# Task to complete
Reproduce only this range: the line holding "Le stylo plume audacieux photo review" through the last line of the data below, both included, exactly, with no pictures.

# Supplied data
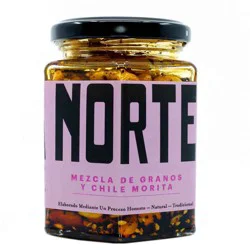 Salsa Norte Mix Grain And Morita Chili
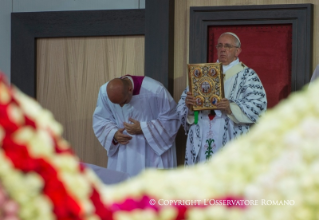 11-Apostolische Reise: Eucharistiefeier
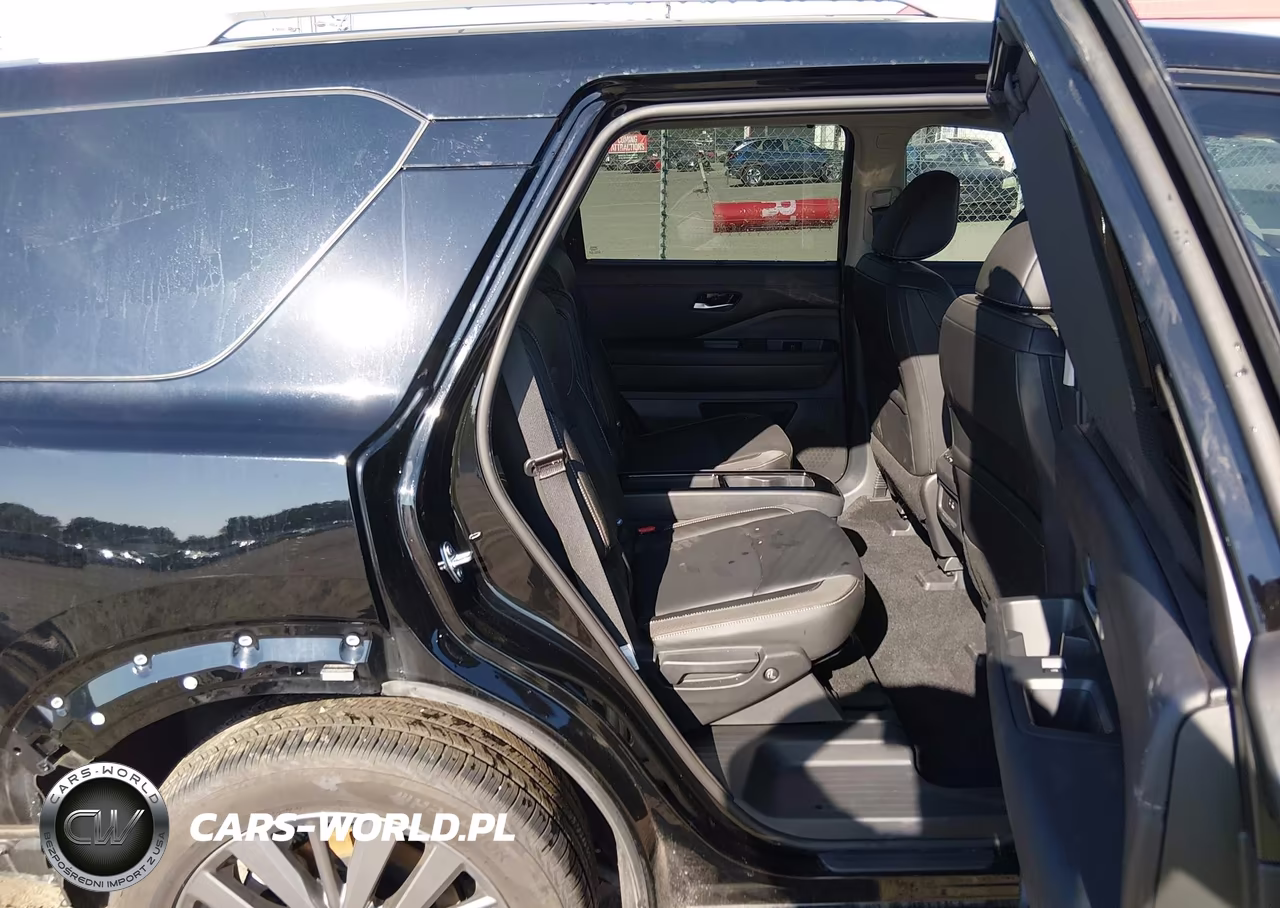 2025 Nissan Pathfinder Sl Fwd VIN:5N1DR3CB7SC318054 - 8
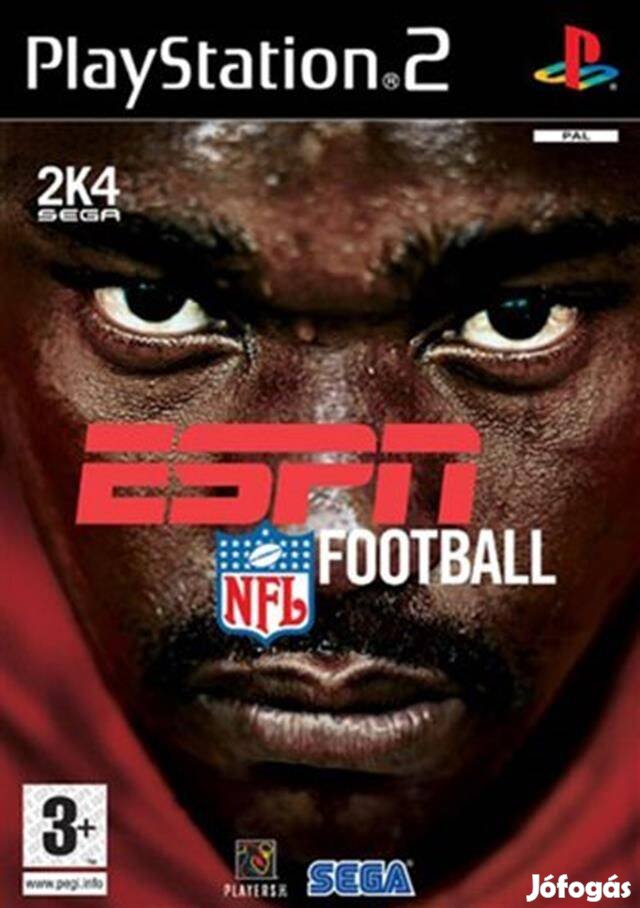 ESPN NFL Football PS2 játék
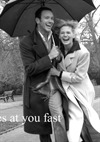 Happy Couple In the Rain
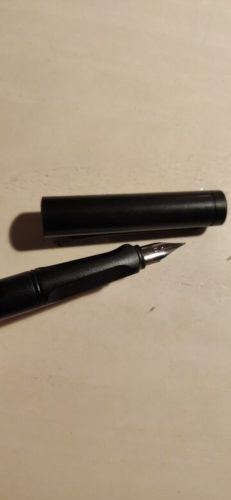 Le stylo plume audacieux photo review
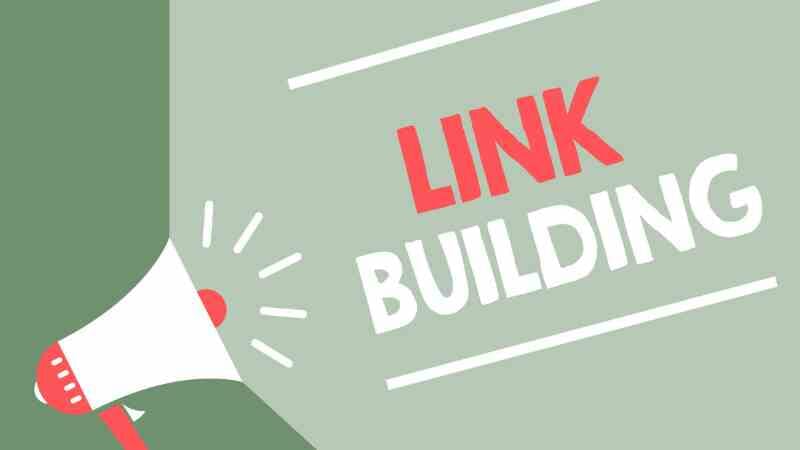 link building SEO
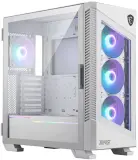 Корпус MSI MPG VELOX 100R WHITE белый без БП E-ATX 9x120mm 4x140mm 2xUSB3.1 audio AirDuct bott PSU Image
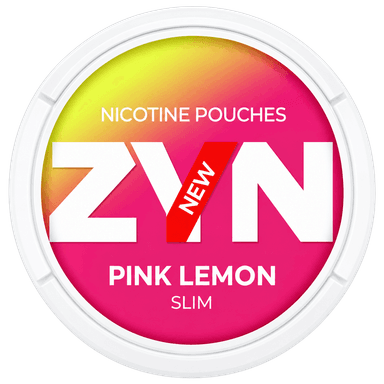 ZYN Pink Lemon Slim (11 mg)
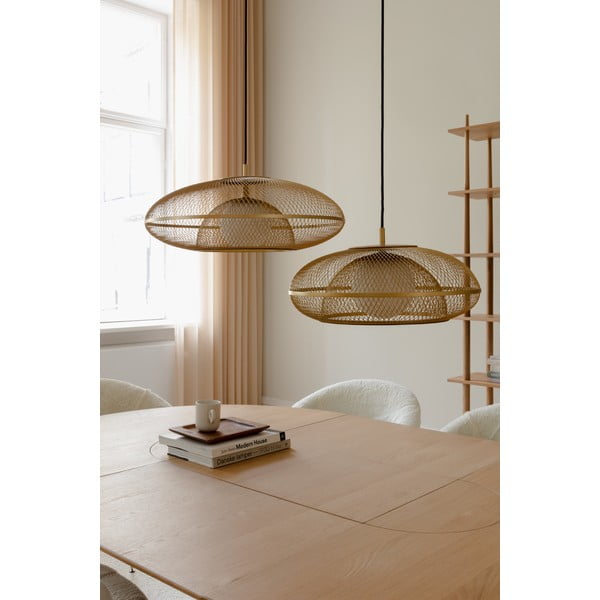 Zelta krāsas abažūrs ø 60 cm Faraday – UMAGE-image-2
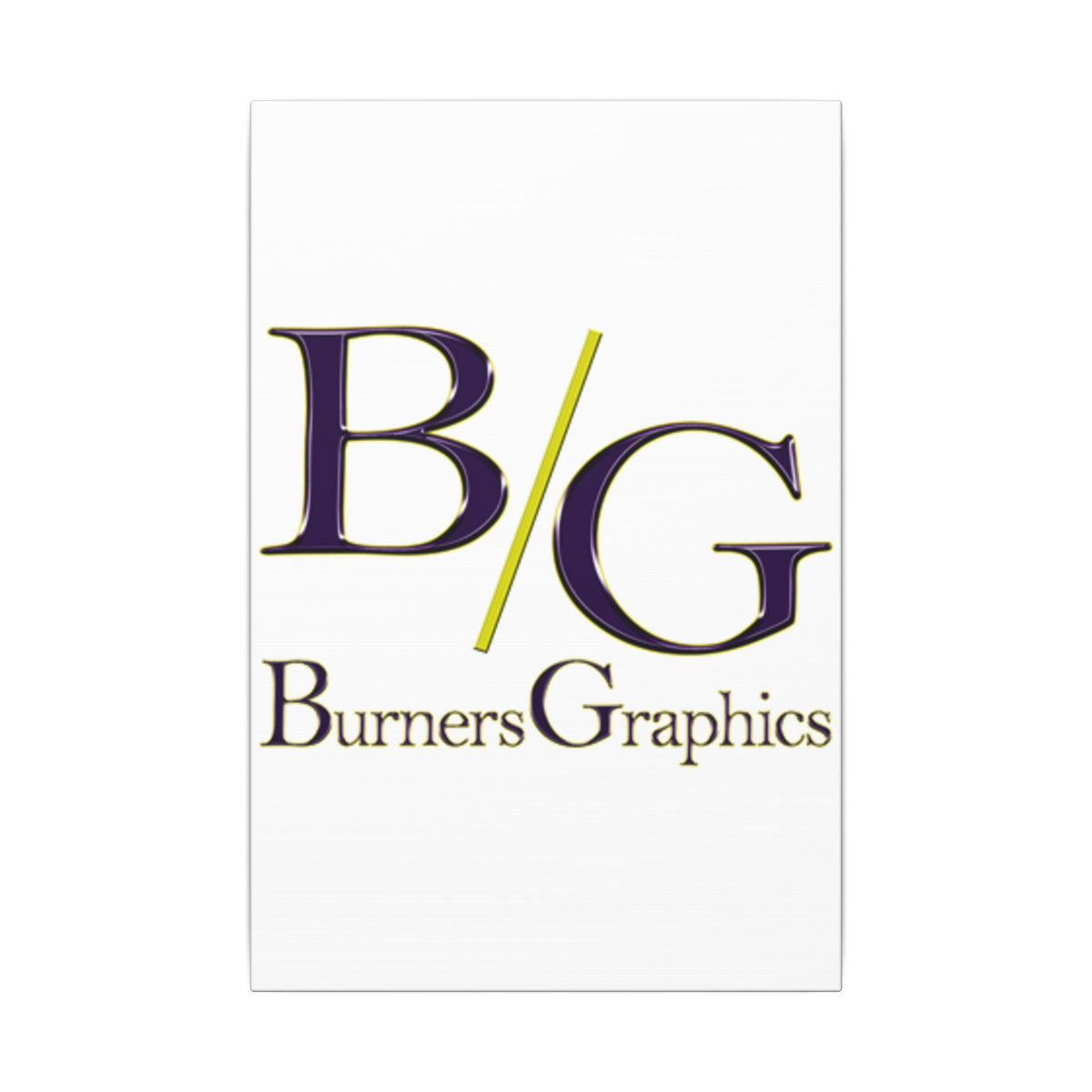 Burners Graphics Matte Canvas, Stretched, 0.75" (Multi-Size)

# Task answer
 Le stylo plume audacieux photo review
 link building SEO
 Корпус MSI MPG VELOX 100R WHITE белый без БП E-ATX 9x120mm 4x140mm 2xUSB3.1 audio AirDuct bott PSU Image
 ZYN Pink Lemon Slim (11 mg)
 Zelta krāsas abažūrs ø 60 cm Faraday – UMAGE-image-2
 Burners Graphics Matte Canvas, Stretched, 0.75" (Multi-Size)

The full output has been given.